It was suggested to P. W. 6 that it was he who gave the accused the gold ornaments in a hotel near the railway station. But this was denied by P. W. 6. Nothing has been brought out from the evidence as to why he would falsely depose against the accused. P. W. 7 is a business man before whom the seizure was made under seizure list, Ext. 3 by the S. I., P. W. 8. Thus, even if we exclude the evidence of P. W. 2, the clear evidence of other witnesses stated above, fully establishes that it was the accused who after committing the crime escaped through the broken part of the compound wall of the temple and was running away with the articles when he was caught red handed by the Police and the witnesses as stated above. The accused had no explanation to offer as to how he came to possess these articles. In the absence of such explanation, the legitimate inference is that he was the author of the crime that was committed inside the temple premises, There cannot be any doubt that the accused committed robbery of the ornaments of P. W. 2 and for committing such an offence, he also caused hurt to her and thus made himself liable for an offence under Section 394 I. P. C.

9. A legal question of some importance that arises in this case Is whether the appellant is entitled to the benefits of the provisions of the Probation of Offenders Act (Act 20 of 1958) (hereinafter described as the ‘Act’). The provisions of Section 4(1) of this Act and that of Section 562 Cr. P. G. are analogons in nature. Both these provisions give powers to the Court to release certain class of offenders on probation of good conduct or alter due admonition. Under Section 19 of the Act, the provisions of Section 502, Cr. P. C. shall cease to apply to the States or parts thereof in which the Act is brought into force. By notification dated 30-11-1962 the Government of Orissa brought the Act into force in some districts of Orissa including Ganjam where the occurrence took place.

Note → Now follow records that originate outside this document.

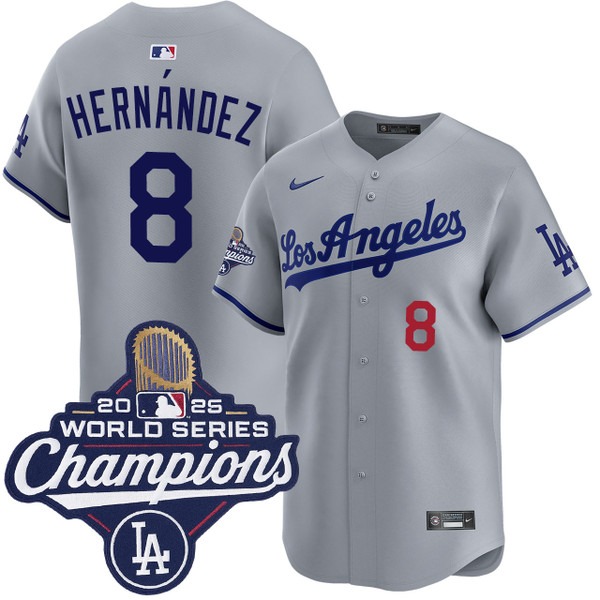 Men's Los Angeles Dodgers #8 Enrique Hernandez Road Limited 2025 World Series Champions Jersey Grey
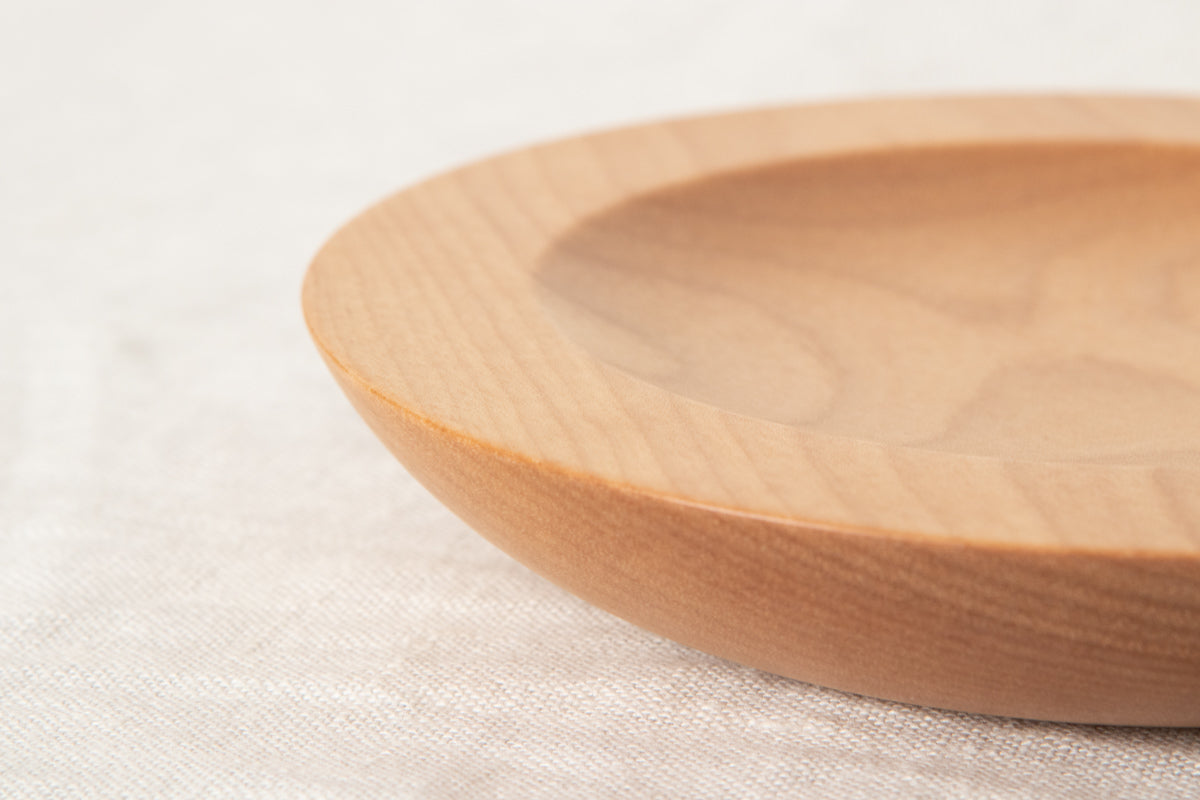 Dessert plate “deep rim” / Japanese cherry birch / Ōita-JPN 211151-1
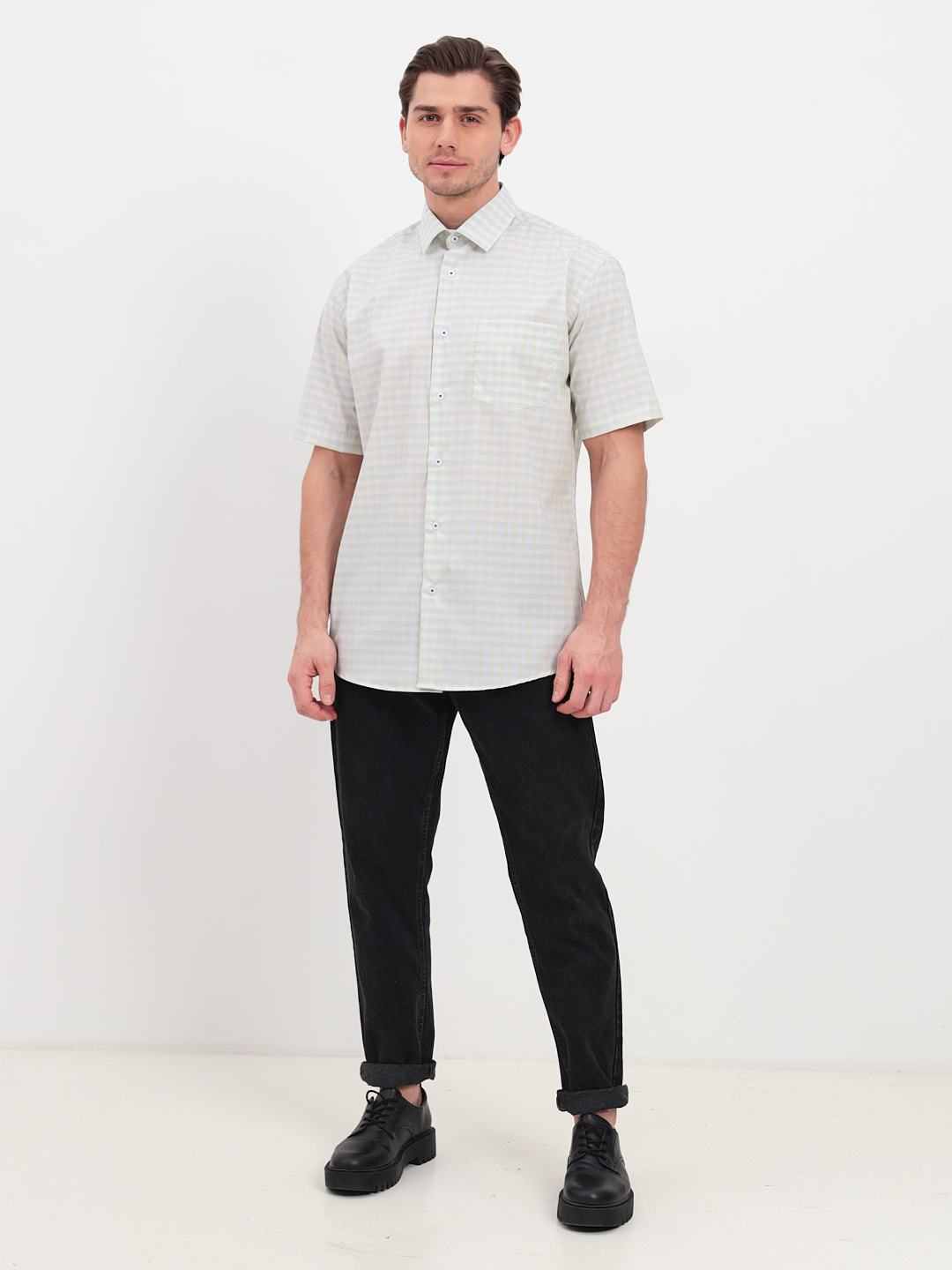 255/207/0222/1p STRETCH Сорочка мужская короткий рукав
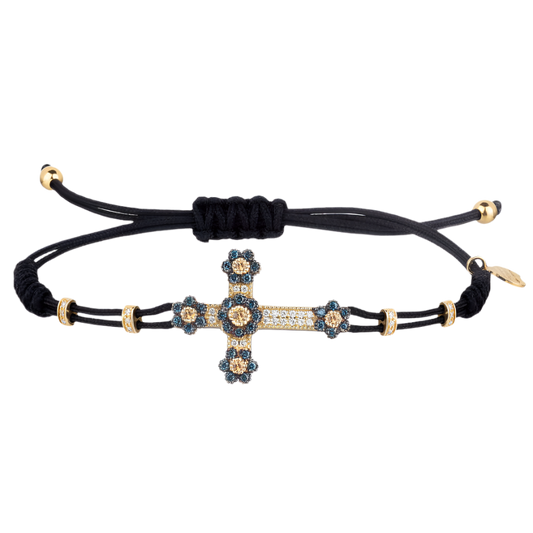 KRUIS - CHRISTIAN ARMBAND - GOUD, DIAMANTEN EN SAPPHIRES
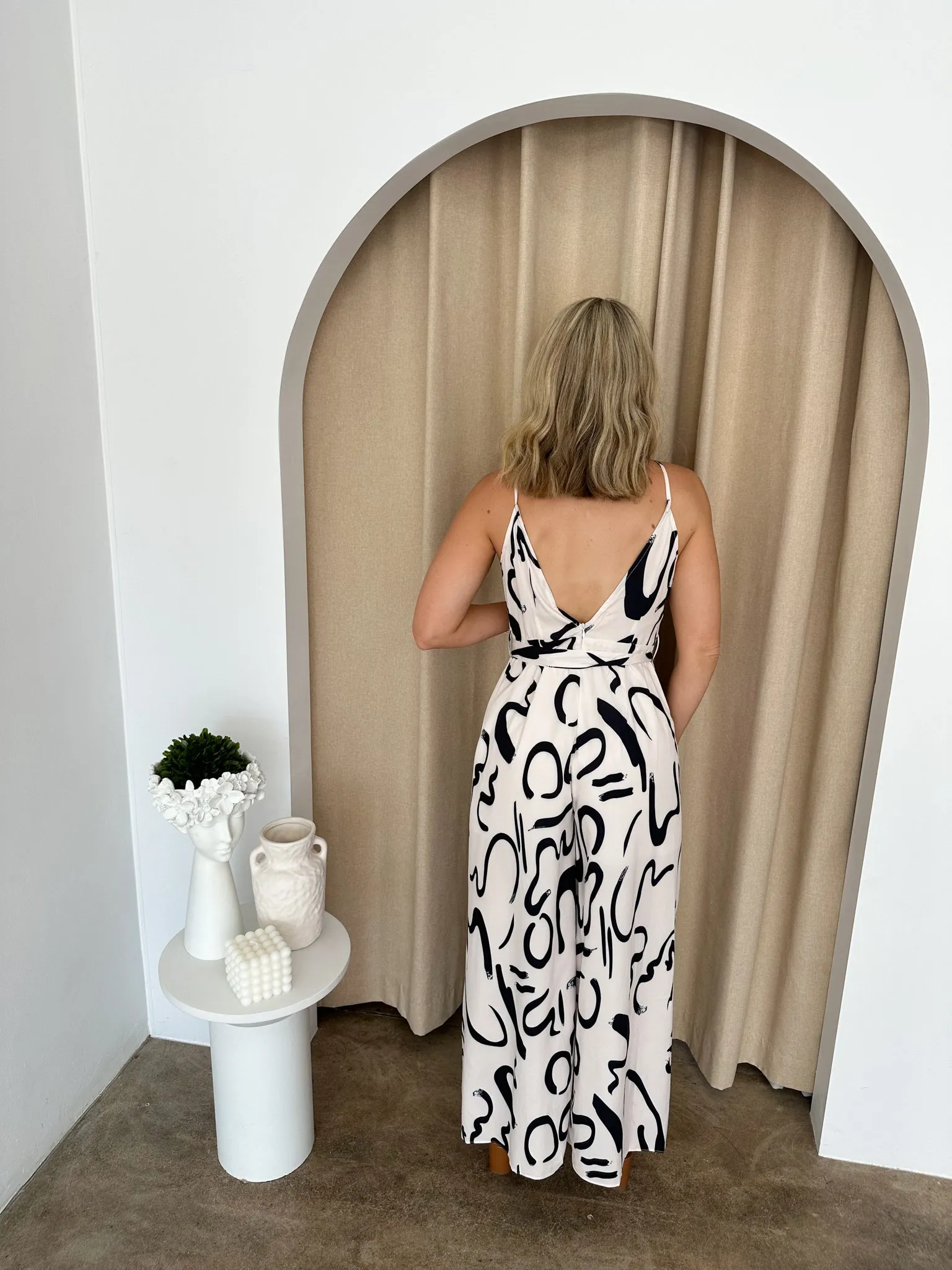 Nala Jumpsuit- Black/off white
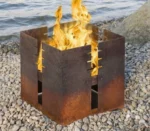 Modern Corten Steel Charcoal Barbecue Grill with Trolley-Easily Assembled Outdoor Camping Grill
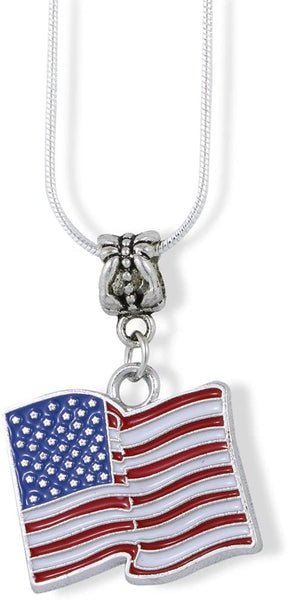 Emerald Park Jewelry American Flag Large Charm Snake Chain Necklace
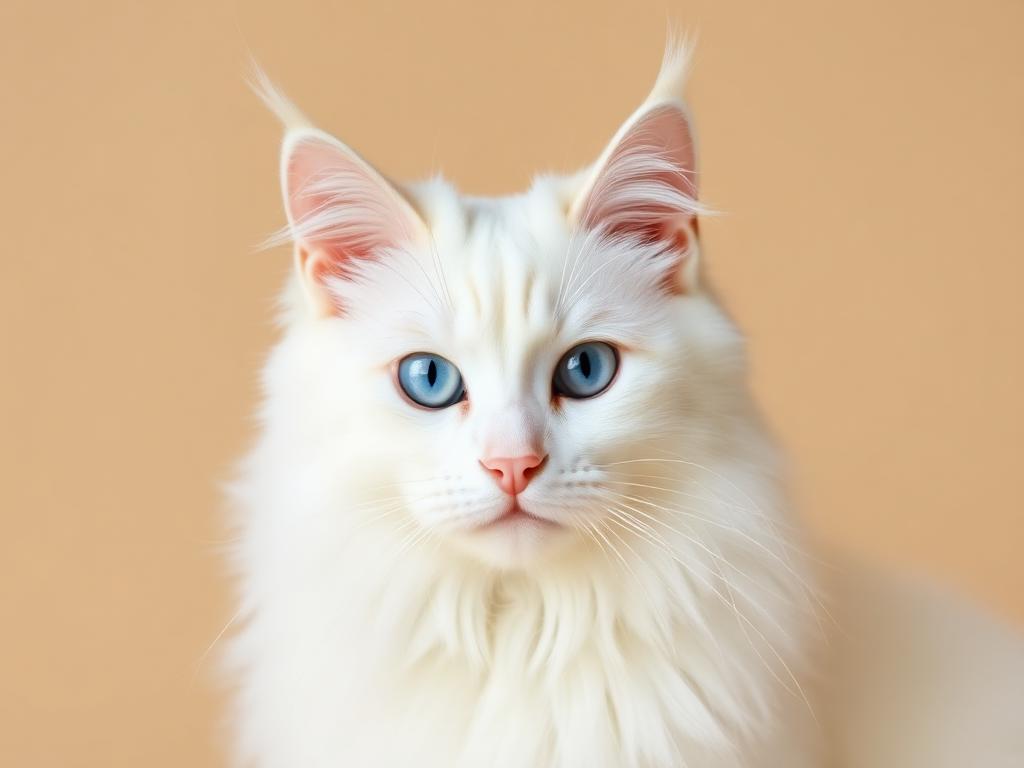 Gato Maine Coon de color Blanco Sólido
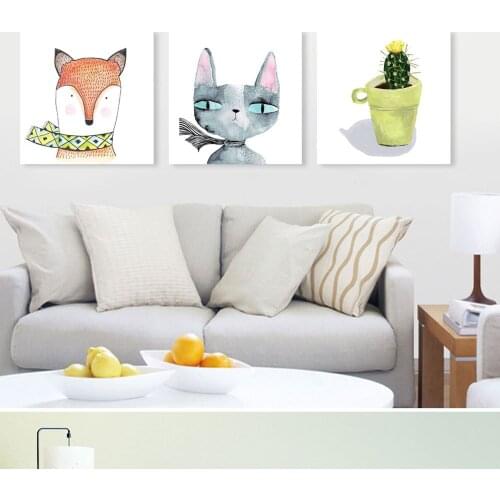 Fox Cat Potted Cactus Canvas Painting Wall Art Posters And Prints Nordic Poster Watercolor Wall Pictures For Living Room Decor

10. Section 4(1) of the Act lays down that where a person is found guilty of an offence not punishable with death or imprisonment for life the court may release him on probation of good conduct under certain circumstances. Section 6(1) makes it obligatory for the Court not to pass a sentence of imprisonment if an offender is under 21 years of age and has committed an offence punishable with imprisonment, but not with imprisonment for life. Even in cases where the offence committed is not punishable with imprisonment for life, the Court may still award a sentence of imprisonment and may not release the offender on probation of good conduct under Section 4 or after admonition under Section 3. But in that case the court has to record its reasons for the same and has to be satisfied that the case is a fit one where the accused should be sentenced to imprisonment.

11. The obvious object of Sections 4(1) and 6(1) of the Act is that persons found guilty of serious offences will not be given the benefits under the Act. The seriousness of an offence could be known from the punishment provided for it. The offence under Section 394, I. P. C. is punishable with imprisonment tor life or rigorous imprisonment for 10 years and fine. Such punishments have been provided for a number of offences under the Indian Penal Code such as Sections 376, 400 and 409 etc.

12. It was contended on behalf of the appellant that the sentences provided under this section being alternative in nature, it cannot be said to be an offence punishable with imprisonment for life and as such there is no bar for the Court to exercise jurisdiction under Section 4 or 6 of the Act and the offender should have been released under Section 4 on probation of good conduct and the award of sentence of imprisonment without passing any reason for the same is not in accordance with law. The construction of such provisions as “death or imprisonment for life” and “imprisonment for life or imprisonment for ten years” came up for consideration before several High Courts and it was held to mean that they are not in the nature of an alternative sentence. In a case reported in Emperor v. Bakhsha, 36 Cri LJ 105 (2) (AIR 1934 Lah 131) the accused was convicted under Section 394, I. P. C. The question was whether the accused aged 18 years could be bound down under Section 562, Cr. P. C. Shadilal, C. J. held that the punishment provided under the section is not of an alternative nature and the offender could be awarded a punishment of transportation for life (now imprisonment for life).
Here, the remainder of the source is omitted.